The fibrinolysis system is responsible for removing blood clots. Hyperfibrinolysis describes a situation with markedly enhanced fibrinolytic activity, resulting in increased, sometimes catastrophic bleeding. Hyperfibrinolysis can be caused by acquired or congenital reasons. Among the congenital conditions for hyperfibrinolysis, deficiency of alpha-2-antiplasmin (alpha-2-plasmin inhibitor) or plasminogen activator inhibitor type 1 (PAI-1) are very rare. The affected individuals show a hemophilia-like bleeding phenotype. Acquired hyperfibrinolysis is found in liver disease, in patients with severe trauma, during major surgical procedures, and other conditions. A special situation with temporarily enhanced fibrinolysis is thrombolytic therapy with drugs which activate plasminogen, e.g. for use in acute ischemic events or in patients with stroke. In patients with severe trauma, hyperfibrinolysis is associated with poor outcome. Moreover, hyperfibrinolysis may be associated with blood brain barrier impairment, a plasmin-dependent effect due to an increased generation of bradykinin.

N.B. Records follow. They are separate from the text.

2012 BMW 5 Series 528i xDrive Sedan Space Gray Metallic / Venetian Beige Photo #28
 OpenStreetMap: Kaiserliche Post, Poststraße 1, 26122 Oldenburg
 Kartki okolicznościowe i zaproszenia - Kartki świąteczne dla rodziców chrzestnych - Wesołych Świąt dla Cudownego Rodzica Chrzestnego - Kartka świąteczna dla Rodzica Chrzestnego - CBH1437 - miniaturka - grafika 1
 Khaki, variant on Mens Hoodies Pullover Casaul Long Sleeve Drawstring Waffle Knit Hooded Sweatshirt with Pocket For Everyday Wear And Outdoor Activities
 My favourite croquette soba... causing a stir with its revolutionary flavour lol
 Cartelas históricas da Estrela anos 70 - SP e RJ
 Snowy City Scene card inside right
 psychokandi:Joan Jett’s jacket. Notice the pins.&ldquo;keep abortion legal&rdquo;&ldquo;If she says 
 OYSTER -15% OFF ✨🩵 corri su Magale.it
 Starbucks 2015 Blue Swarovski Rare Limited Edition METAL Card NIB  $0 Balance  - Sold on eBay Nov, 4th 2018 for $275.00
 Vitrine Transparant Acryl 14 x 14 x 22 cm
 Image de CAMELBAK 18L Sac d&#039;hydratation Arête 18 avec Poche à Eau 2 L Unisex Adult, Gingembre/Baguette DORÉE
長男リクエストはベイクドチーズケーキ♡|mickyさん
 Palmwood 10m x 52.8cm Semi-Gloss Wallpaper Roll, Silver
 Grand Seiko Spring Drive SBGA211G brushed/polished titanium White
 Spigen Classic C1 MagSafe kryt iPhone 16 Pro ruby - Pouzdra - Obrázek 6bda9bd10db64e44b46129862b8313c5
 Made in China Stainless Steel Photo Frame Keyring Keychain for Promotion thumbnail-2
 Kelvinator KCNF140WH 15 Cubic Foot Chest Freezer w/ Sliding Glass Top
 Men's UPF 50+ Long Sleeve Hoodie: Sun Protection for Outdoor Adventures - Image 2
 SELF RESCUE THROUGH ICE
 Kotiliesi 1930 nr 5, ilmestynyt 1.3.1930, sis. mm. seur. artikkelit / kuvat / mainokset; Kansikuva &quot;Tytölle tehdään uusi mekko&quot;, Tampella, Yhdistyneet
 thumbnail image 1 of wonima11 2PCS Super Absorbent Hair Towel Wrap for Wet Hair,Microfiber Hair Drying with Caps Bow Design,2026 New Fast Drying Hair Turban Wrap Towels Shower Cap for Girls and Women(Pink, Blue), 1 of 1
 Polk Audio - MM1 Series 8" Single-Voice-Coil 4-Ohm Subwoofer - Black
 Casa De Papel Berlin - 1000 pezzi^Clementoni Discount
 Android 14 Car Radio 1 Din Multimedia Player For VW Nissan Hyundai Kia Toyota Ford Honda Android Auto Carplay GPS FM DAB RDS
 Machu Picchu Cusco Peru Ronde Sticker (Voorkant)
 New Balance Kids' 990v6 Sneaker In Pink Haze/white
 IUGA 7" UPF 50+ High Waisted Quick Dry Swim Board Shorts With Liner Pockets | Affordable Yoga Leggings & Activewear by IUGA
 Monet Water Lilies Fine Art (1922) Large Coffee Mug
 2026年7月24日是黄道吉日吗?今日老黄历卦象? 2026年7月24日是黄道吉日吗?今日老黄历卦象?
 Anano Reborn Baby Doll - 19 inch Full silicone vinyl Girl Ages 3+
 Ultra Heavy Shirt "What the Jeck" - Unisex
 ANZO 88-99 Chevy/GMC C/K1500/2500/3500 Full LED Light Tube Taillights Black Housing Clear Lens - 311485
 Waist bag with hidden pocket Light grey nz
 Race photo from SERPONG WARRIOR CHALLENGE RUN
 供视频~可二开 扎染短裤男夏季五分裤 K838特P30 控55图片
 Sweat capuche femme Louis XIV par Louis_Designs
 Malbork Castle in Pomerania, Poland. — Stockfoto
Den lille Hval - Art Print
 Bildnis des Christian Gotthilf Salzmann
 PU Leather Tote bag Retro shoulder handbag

Bleeding is caused by the generation of fibrinogen degradation products which interfere with regular fibrin polymerization and inhibit platelet aggregation. Moreover, plasmin which is formed in excess in hyperfibrinolysis can proteolytically activate or inactivate many plasmatic or cellular proteins involved in hemostasis. Especially the degradation of fibrinogen, an essential protein for platelet aggregation and clot stability, may be a major cause for clinical bleeding.
The diagnosis of hyperfibrinolysis is made indirectly with immunochemical methods which detect the elevation of biomarkers such as D-Dimer (cross-linked fibrin degradation products), fibrinogen split products (FSP), complexes of plasmin and alpha-2-antiplasmin (PAP). However, the sensitivity and specificity of these methods is limited because elevation of these biomarkers can also occur induced in other clinical conditions. The classical coagulation tests such as PT (prothrombin time), aPTT (activated partial thromboplastin time) or thrombin time are not very sensitive for hyperfibrinolysis, and influenced by numerous other variables. The euglobulin lysis time test is very time consuming and complex. Viscoelastic methods in whole blood, especially thromboelastometry (TEM) when performed with special reagents detect hyperfibrinolysis very sensitively in a functional approach. The APTEM test, a tissue factor activated, heparin insensitive test performed in the presence of aprotinin (fibrinolysis inhibitor, confirms hyperfibrinolysis by comparing the TEM result of this assay with the EXTEM test (same activator, but without aprotinin). A normalization or improvement of the TEMogram in APTEM versus EXTEM confirms hyperfibrinolysis. This in vitro approach can predict to a certain level if normal clot formation can be restored by use of an antifibrinolytic drug.
Since the use of aprotinin has been abandoned due to major side effects, the treatment or prophylaxis of hyperfibrinolysis is made with synthetic drugs such as tranexamic acid, epsilon-aminocaproic acid or other lysine analogues. When used appropriately, antifibriolytic drugs may avoid unnecessary transfusions.